The approach employs a chain of modeling frameworks whose principal components and flows are described in Fig. 1. It starts with the Integrated Global Systems Model (IGSM) in the top box labeled “Global Change” (Sokolov et al. 2005). The IGSM consists of three primary components:

  1. (1)

    Economics, emissions, and policy cost component for analysis of human activities, including policy measures, as they interact with climate processes;

  2. (2)

    Climate and Earth system component: coupled dynamic and chemical atmosphere, ocean, land, and natural ecosystem interactions and feedbacks; and

  3. (3)

    Land ecosystems and biogeochemical exchanges component, within a global land system framework, for analysis of the terrestrial biosphere.

Fig. 1
figure 1

Schemata of analytical framework

The economics component is represented by the Emissions Prediction and Policy Analysis (EPPA) model, which is a relatively detailed dynamic computable general equilibrium model of the global economy (Paltsev et al. 2005).

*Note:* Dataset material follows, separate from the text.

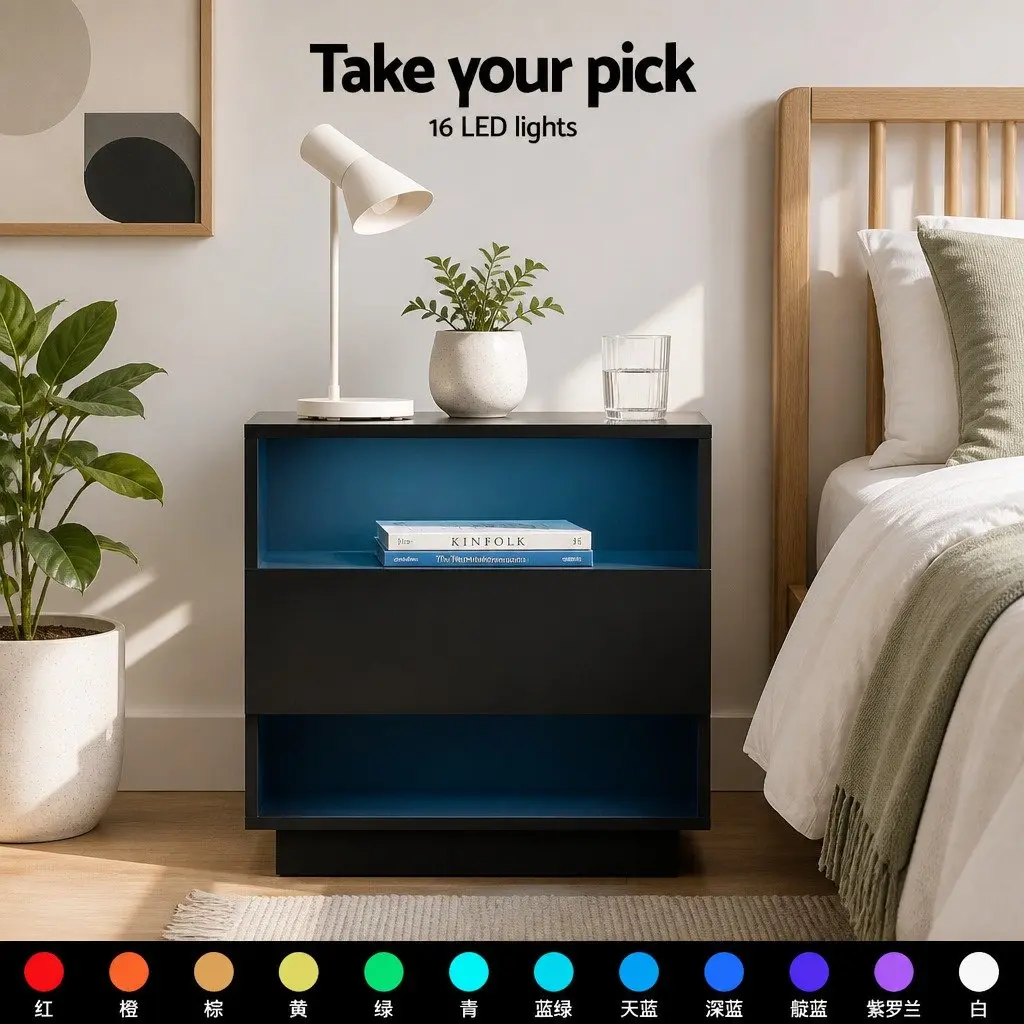 Black Bedside Table with LED Lighting and Shelves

The EPPA model provides economically coherent emissions projections based on detailed structure of domestic production, consumption, and international trade as well as evolution of advanced technologies, depletion of fossil-fuel resources, land requirements, and population growth among other items. In addition, policies to reduce emissions or target particular emissions rates can be imposed on the model. As a result, EPPA generates global price paths for fossil fuels (coal, oil, and natural gas), alongside other commodities, in accordance with the selected policy regime (Paltsev 2012).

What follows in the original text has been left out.